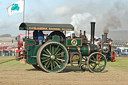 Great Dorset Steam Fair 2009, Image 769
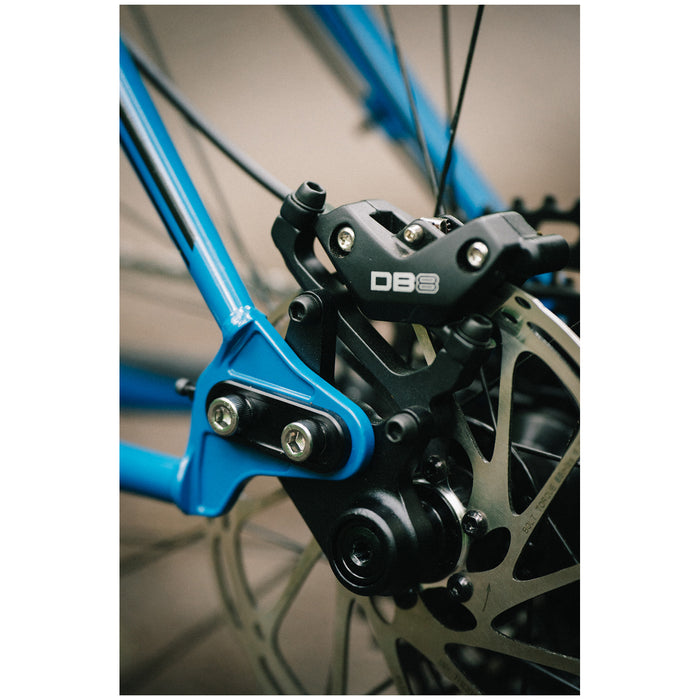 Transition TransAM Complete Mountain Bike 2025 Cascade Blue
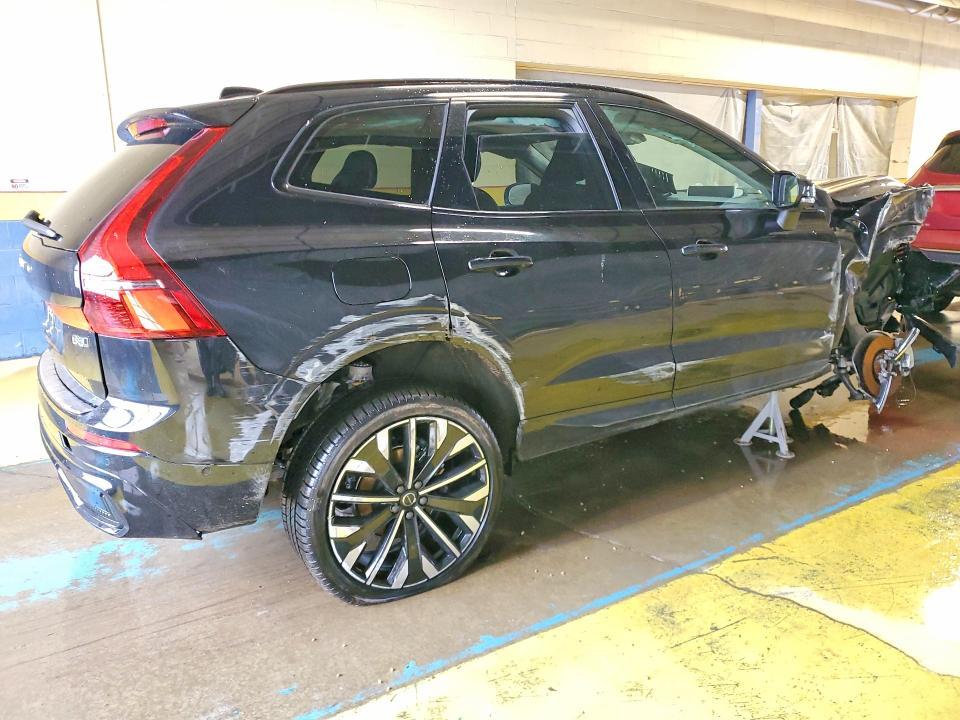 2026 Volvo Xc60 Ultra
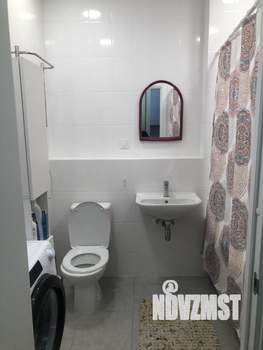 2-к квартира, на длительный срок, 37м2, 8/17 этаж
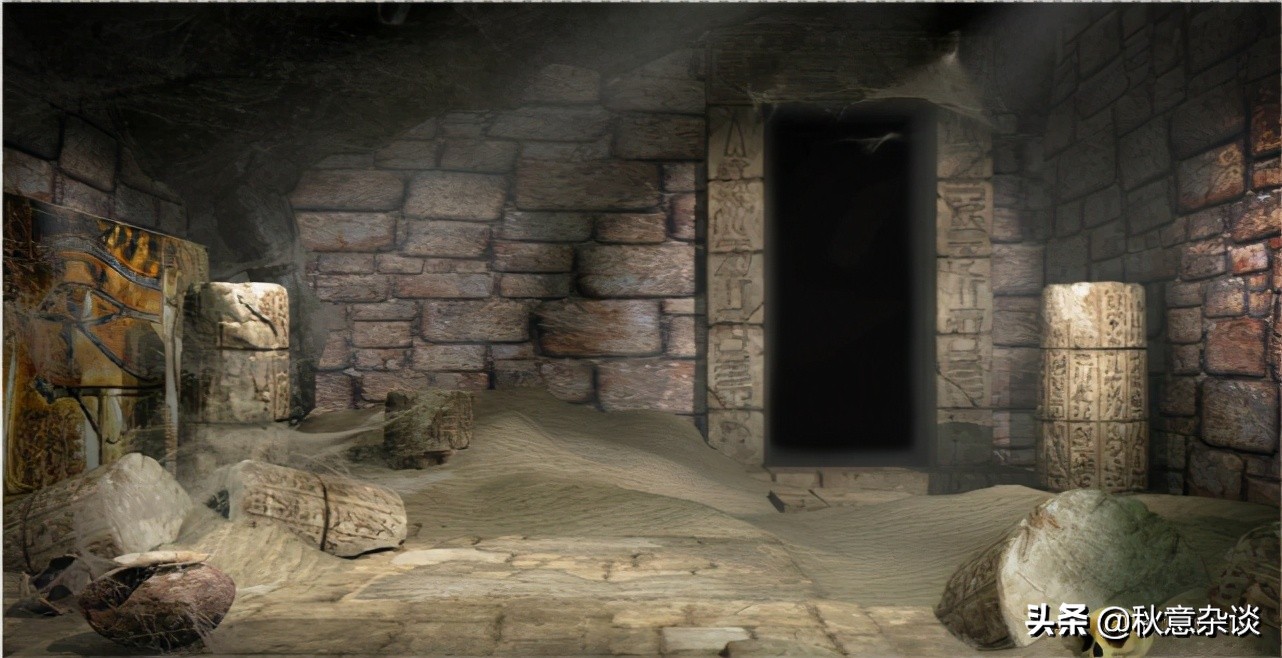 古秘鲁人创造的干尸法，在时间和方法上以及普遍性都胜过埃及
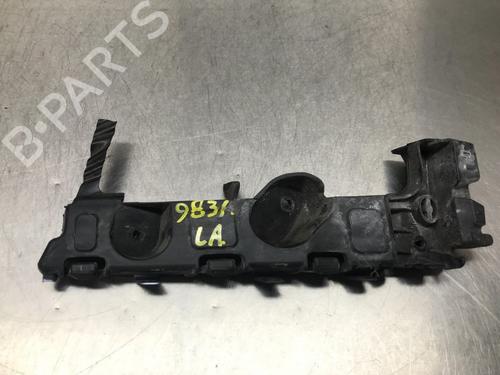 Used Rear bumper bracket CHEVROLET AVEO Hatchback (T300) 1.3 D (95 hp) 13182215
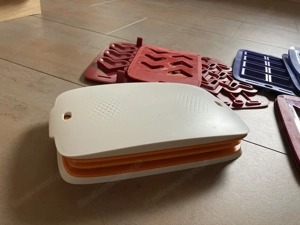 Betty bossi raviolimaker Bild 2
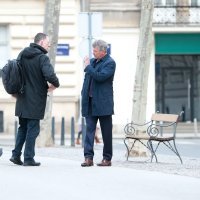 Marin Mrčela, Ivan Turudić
--*--
_PROBLEM DETAILS_
Beginning at the line with "Transition TransAM Complete" and ending at the last line of the listing above, retype each line exactly, including those two lines. Leave the pictures out.

_ANSWER TO THIS TASK_
 Transition TransAM Complete Mountain Bike 2025 Cascade Blue
 2026 Volvo Xc60 Ultra
 2-к квартира, на длительный срок, 37м2, 8/17 этаж
 古秘鲁人创造的干尸法，在时间和方法上以及普遍性都胜过埃及
 Used Rear bumper bracket CHEVROLET AVEO Hatchback (T300) 1.3 D (95 hp) 13182215
 Betty bossi raviolimaker Bild 2
 Marin Mrčela, Ivan Turudić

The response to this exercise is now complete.